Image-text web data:
◆ ◆ ◆

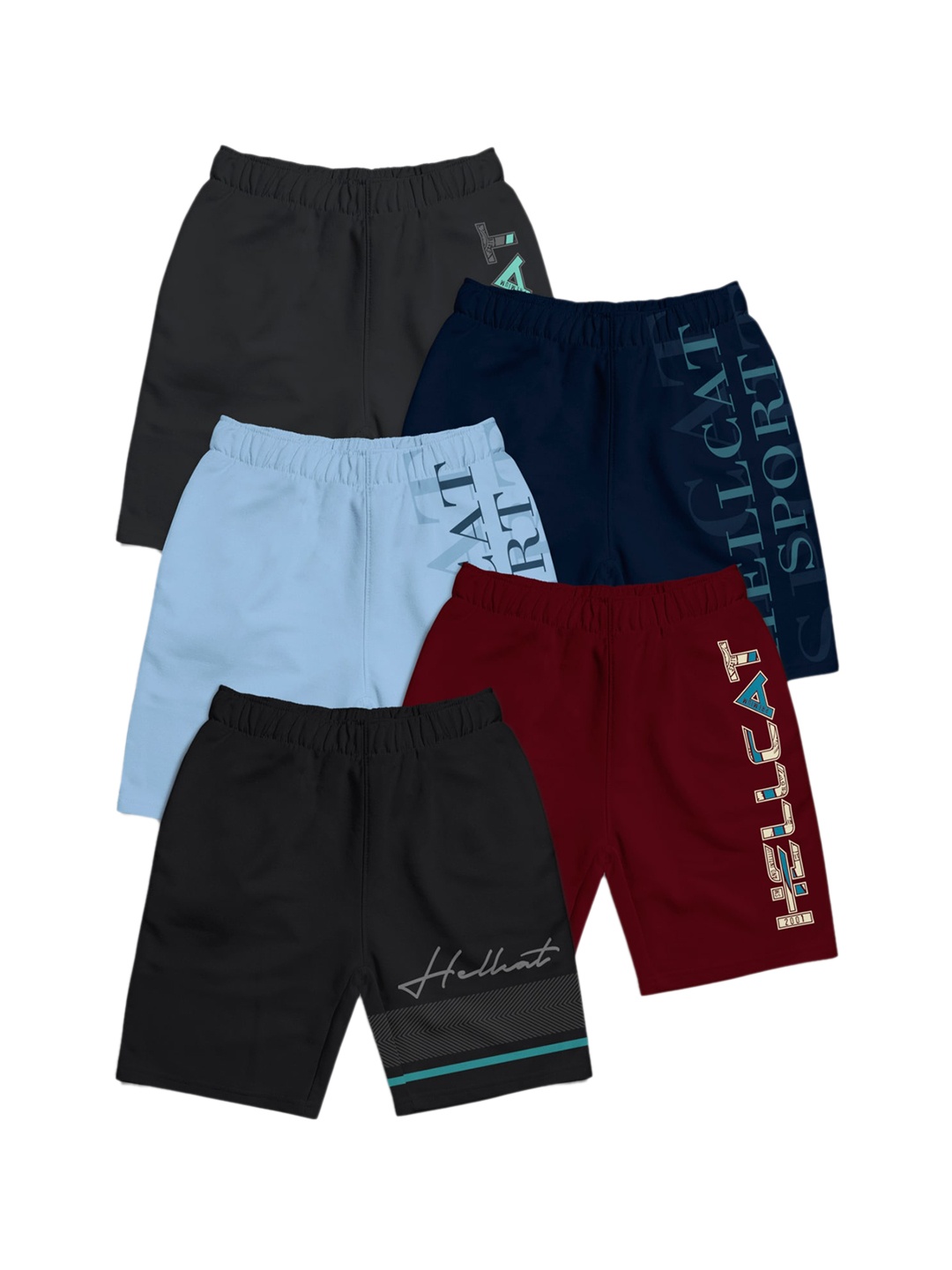 

HELLCAT Girls Pack Of 5 Mid-Rise Cotton Sports Shorts, Black
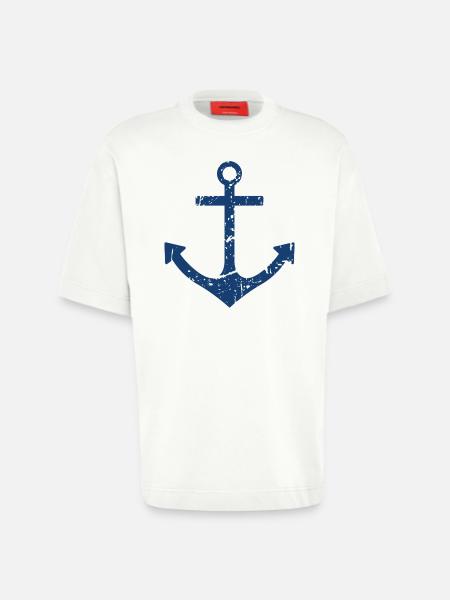 Ancre - T-shirt bio épais oversize fabriqué en UE - OFF WHITE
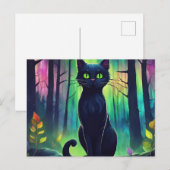 Mystische Katze der Nordlichter Postkarte (Vorne/Hinten)
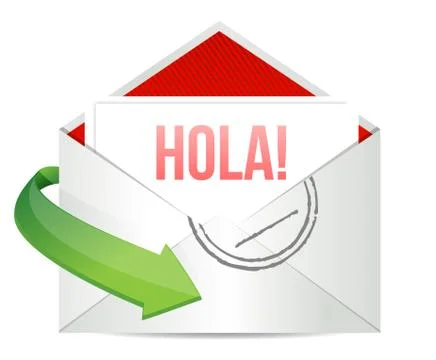 Hello message on an envelope written in spanish Stock Illustration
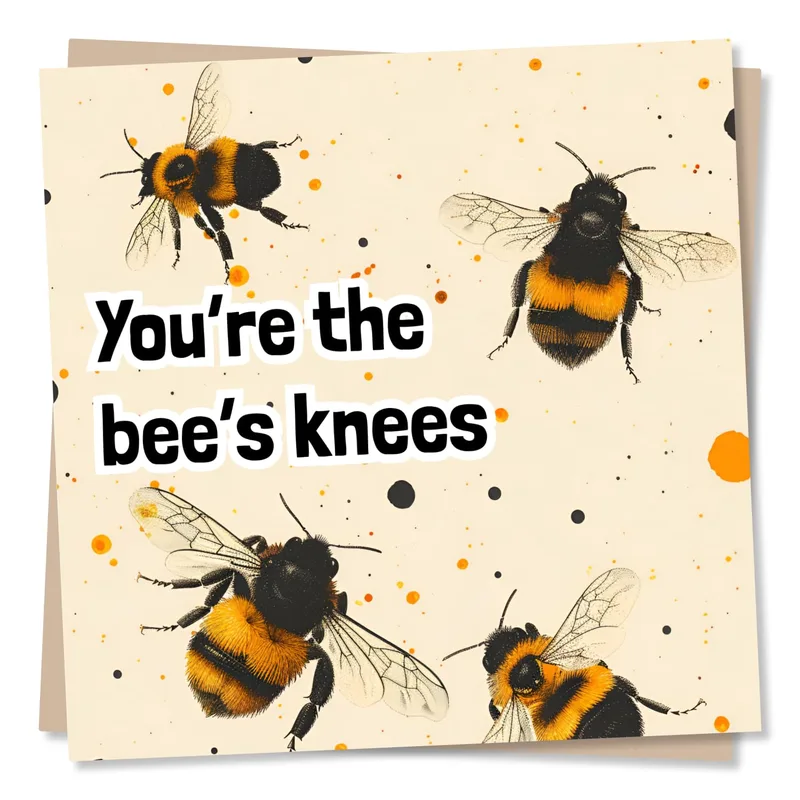 Bumblebees Cream Thank You Card for Someone Who Is The Bee's Knees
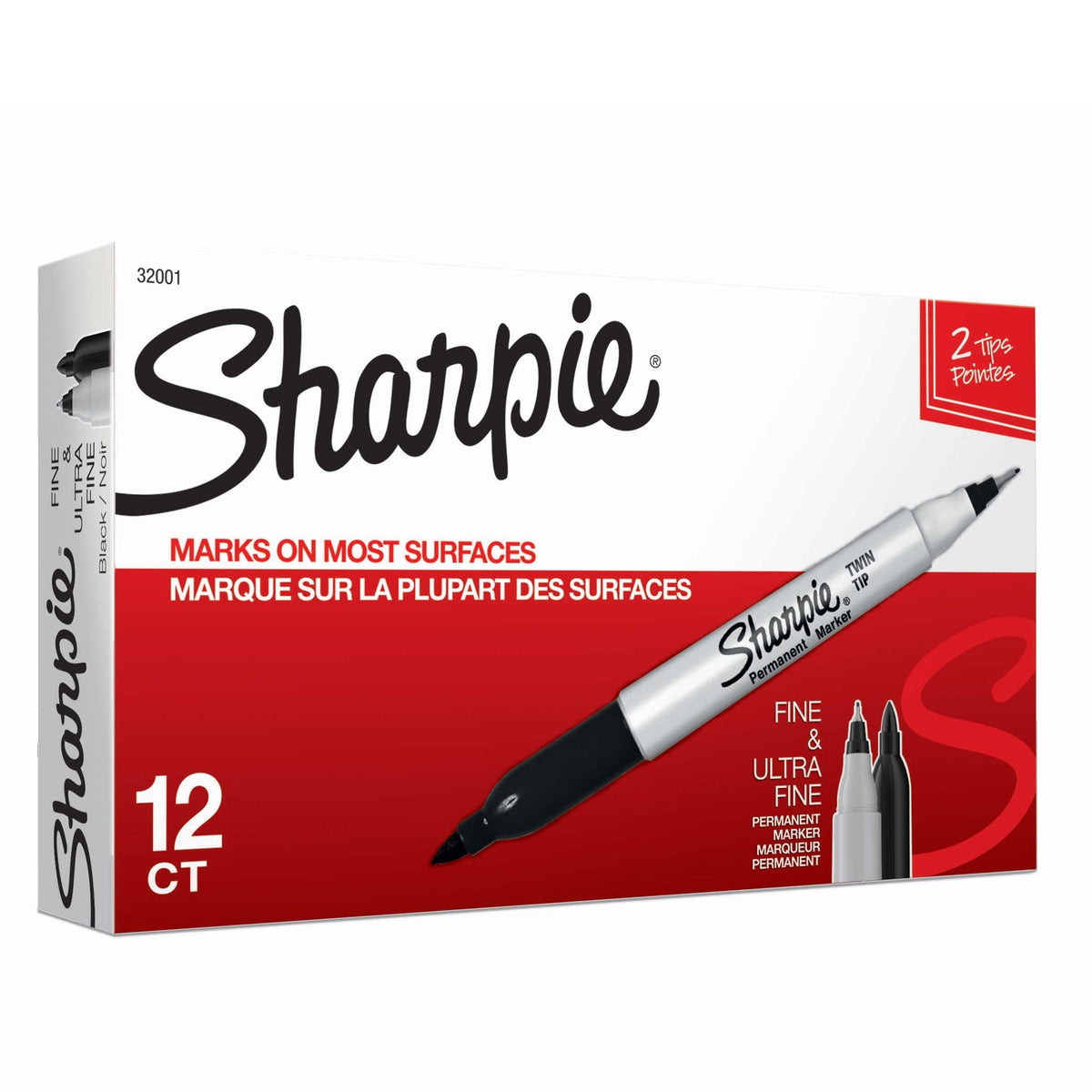 Sharpie Twin Tip Permanent Marker Fine and Ultra Fine Point Black Box of 12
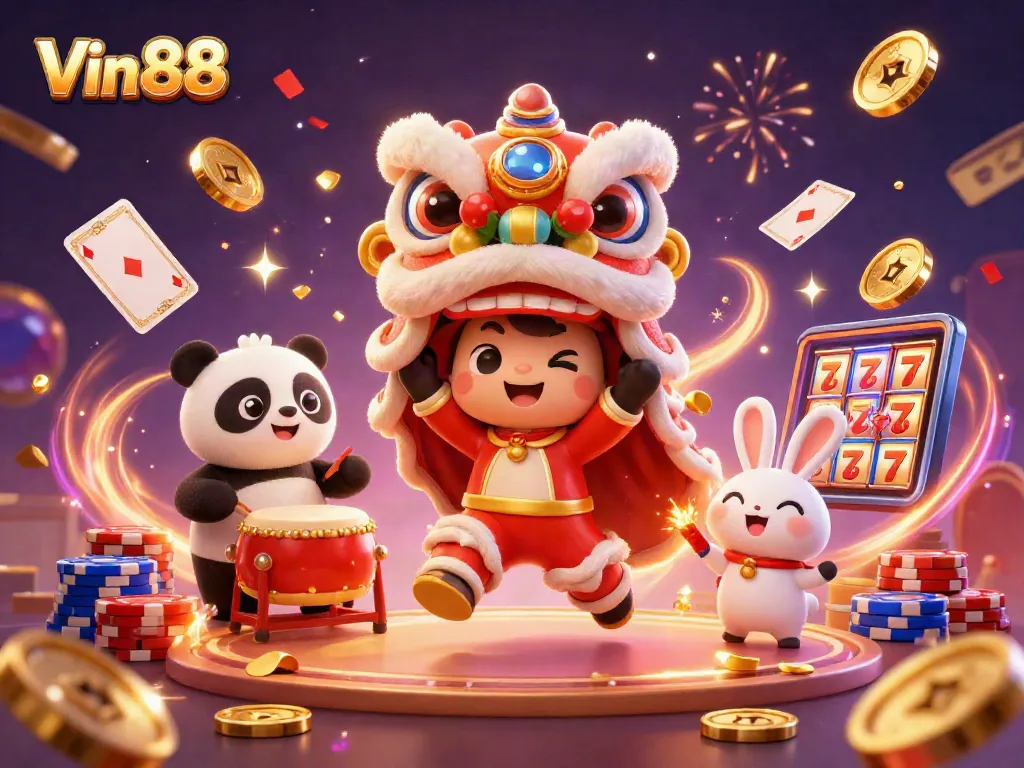 Experience the vibrant excitement of Vin88 with festive 3D characters surrounded by sparkling casino elements.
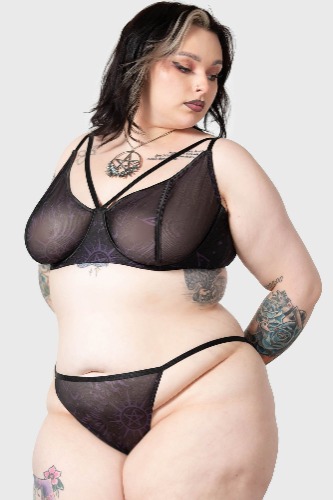 Garnetta Strappy Panty [PLUS] - 4XL / Black / 95%POLYESTER 5%ELASTANE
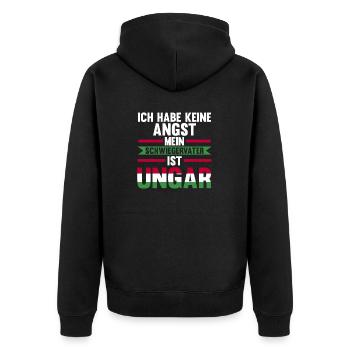 Ich habe keine Angst mein Schwiegervater ist Ungar - Unisex Premium Bio Zip Hoodie - Schwarz - Hinten - Nico (187cm)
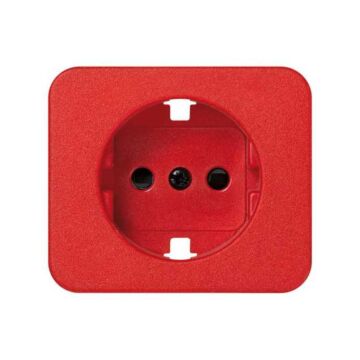 Tapa para enchufe bipolar con toma de tierra lateral schuko con dispositivo de seguridad rojo simon 75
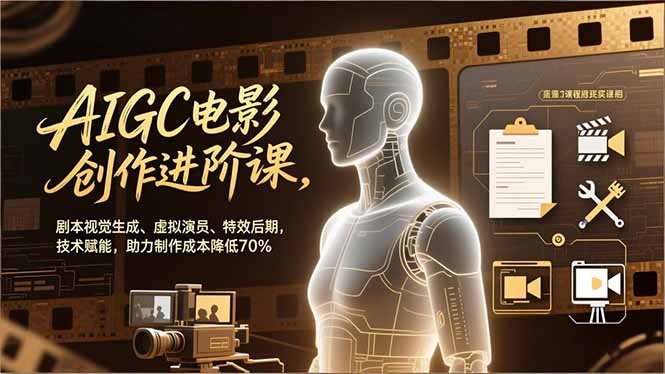 AIGC电影创作进阶课，剧本视觉生成、虚拟演员、特效后期，技术赋能，助力制作成本降低70%-网创项目总站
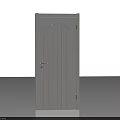 White Arched Top Door With Vertical Panels And Silver Handle Design 3d model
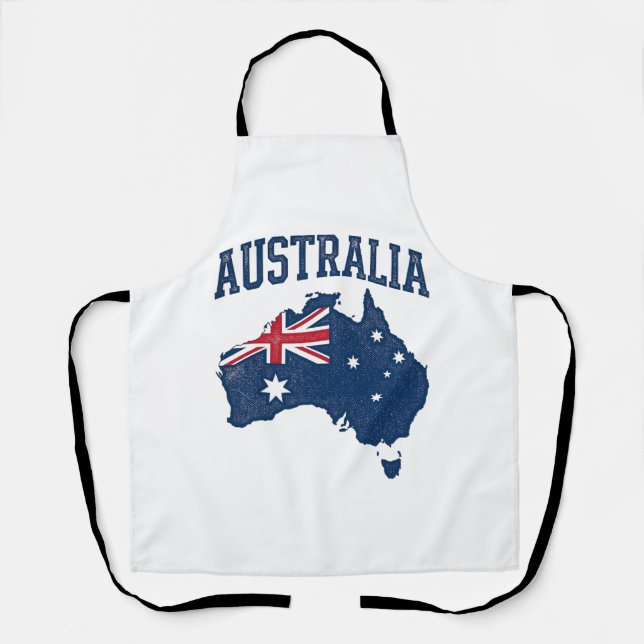Australia Flag Map Vintage Distressed Graphic_1 Apron (Front)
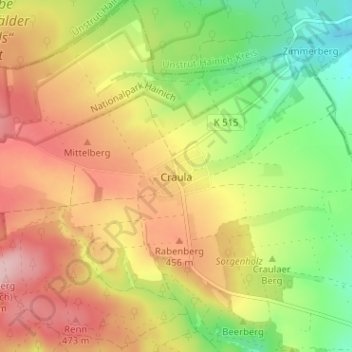 Mapa topográfico Craula, altitud, relieve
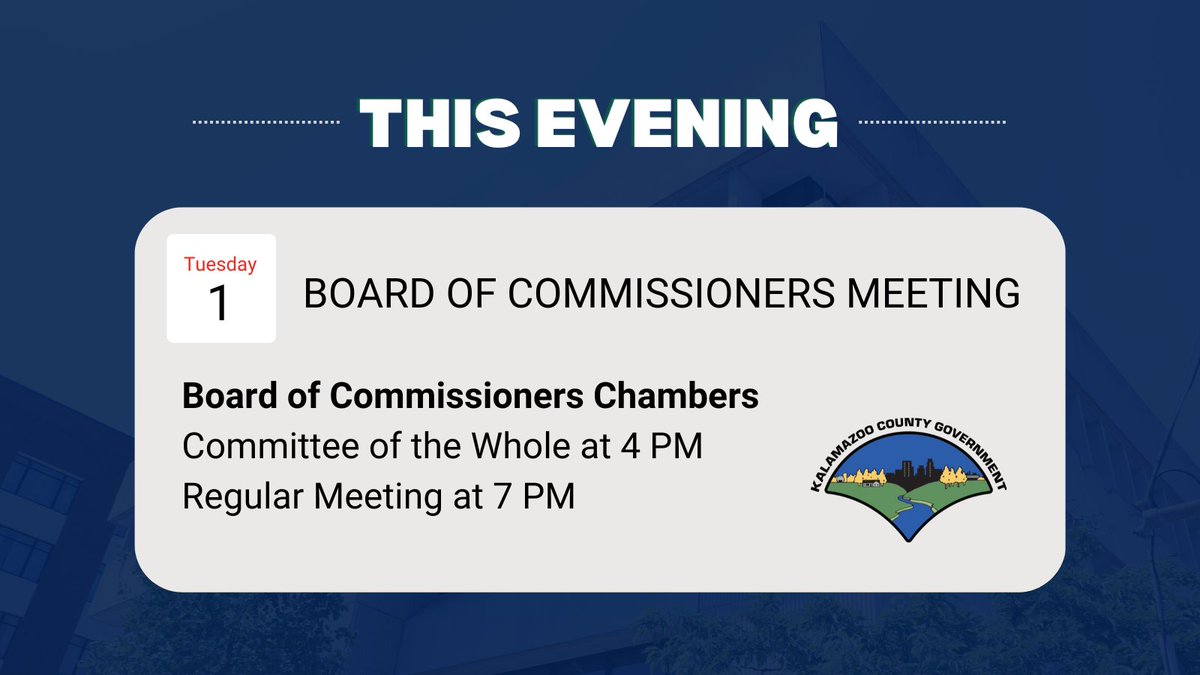KalamazooCounty's tweet photo. Board meetings are held at the Kalamazoo County Administration Building located at 201 W. Kalamazoo Ave. Kalamazoo, MI 49007. Join us in person or catch the livestream on https://t.co/SXAUXnMMhN, YouTube, Facebook, or right here on Twitter/X. 📢 https://t.co/iZCPvo696o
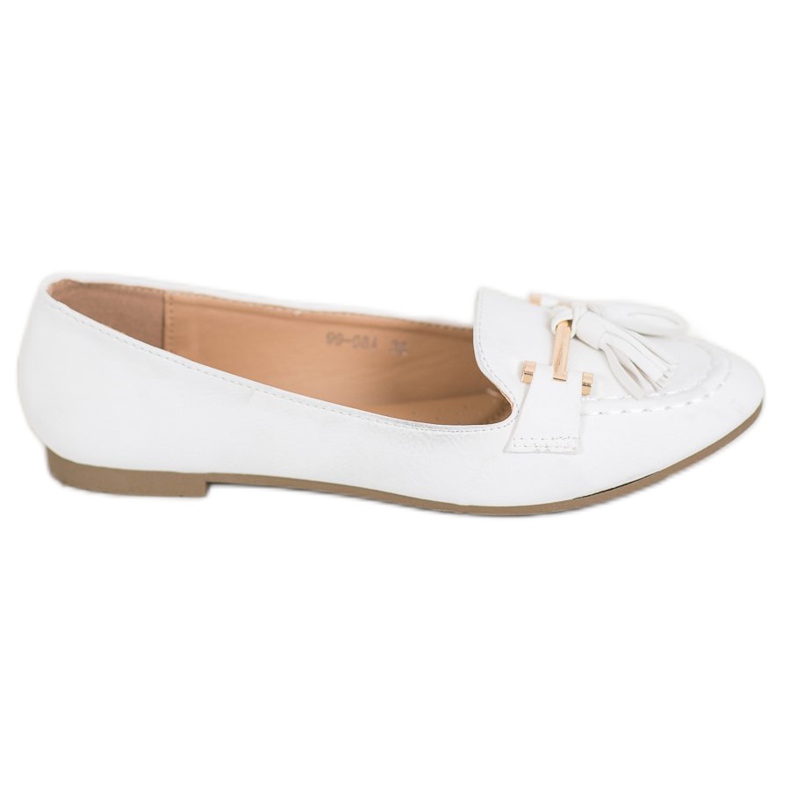 Nio Nio Mocasines elegantes con flecos blanco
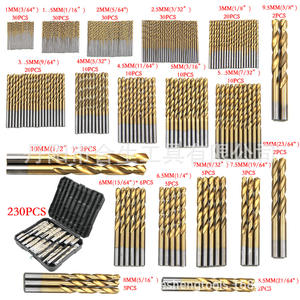 Juego de brocas métricas Mr Drill de 230 piezas con revestimiento de titanio, vástago hexagonal de 1-10 mm para metales no ferrosos - Product Image 1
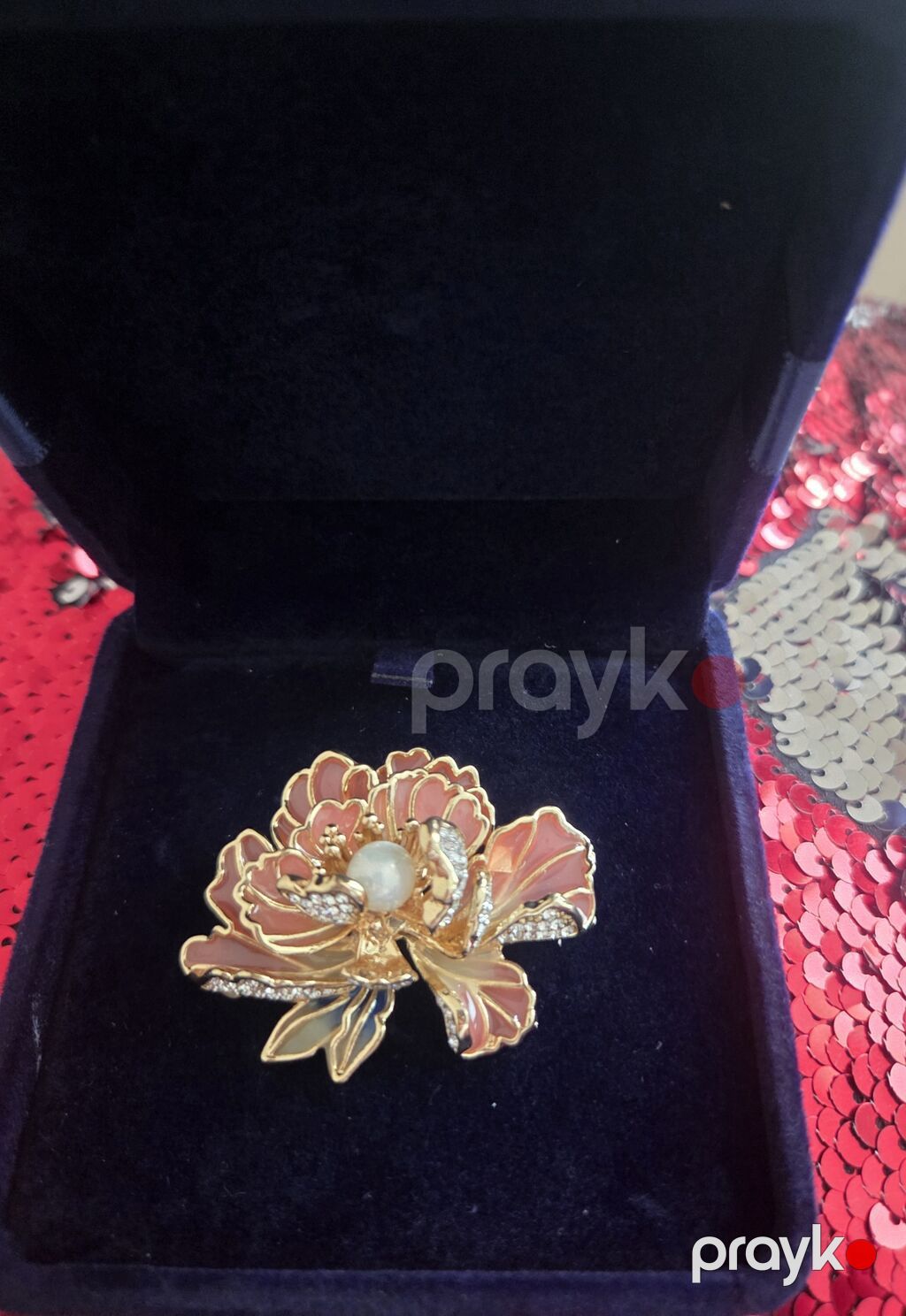 Gül formalı qaşlı broş çəhrayı-şaftalı tonlarında emaillı — Broş, Bakı (3)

◆ ◆ ◆

What you have to do:
Reproduce all the entries above exactly. Include no images.

Output below:
HELLCAT Girls Pack Of 5 Mid-Rise Cotton Sports Shorts, Black
 Ancre - T-shirt bio épais oversize fabriqué en UE - OFF WHITE
 Mystische Katze der Nordlichter Postkarte (Vorne/Hinten)
 Hello message on an envelope written in spanish Stock Illustration
 Bumblebees Cream Thank You Card for Someone Who Is The Bee's Knees
 Sharpie Twin Tip Permanent Marker Fine and Ultra Fine Point Black Box of 12
 Experience the vibrant excitement of Vin88 with festive 3D characters surrounded by sparkling casino elements.
 Garnetta Strappy Panty [PLUS] - 4XL / Black / 95%POLYESTER 5%ELASTANE
 Ich habe keine Angst mein Schwiegervater ist Ungar - Unisex Premium Bio Zip Hoodie - Schwarz - Hinten - Nico (187cm)
 Tapa para enchufe bipolar con toma de tierra lateral schuko con dispositivo de seguridad rojo simon 75
 AIGC电影创作进阶课，剧本视觉生成、虚拟演员、特效后期，技术赋能，助力制作成本降低70%-网创项目总站
 White Arched Top Door With Vertical Panels And Silver Handle Design 3d model
Australia Flag Map Vintage Distressed Graphic_1 Apron (Front)
 Mapa topográfico Craula, altitud, relieve
KalamazooCounty's tweet photo. Board meetings are held at the Kalamazoo County Administration Building located at 201 W. Kalamazoo Ave. Kalamazoo, MI 49007. Join us in person or catch the livestream on https://t.co/SXAUXnMMhN, YouTube, Facebook, or right here on Twitter/X. 📢 https://t.co/iZCPvo696o
 Nio Nio Mocasines elegantes con flecos blanco
 Juego de brocas métricas Mr Drill de 230 piezas con revestimiento de titanio, vástago hexagonal de 1-10 mm para metales no ferrosos - Product Image 1
 Gül formalı qaşlı broş çəhrayı-şaftalı tonlarında emaillı — Broş, Bakı (3)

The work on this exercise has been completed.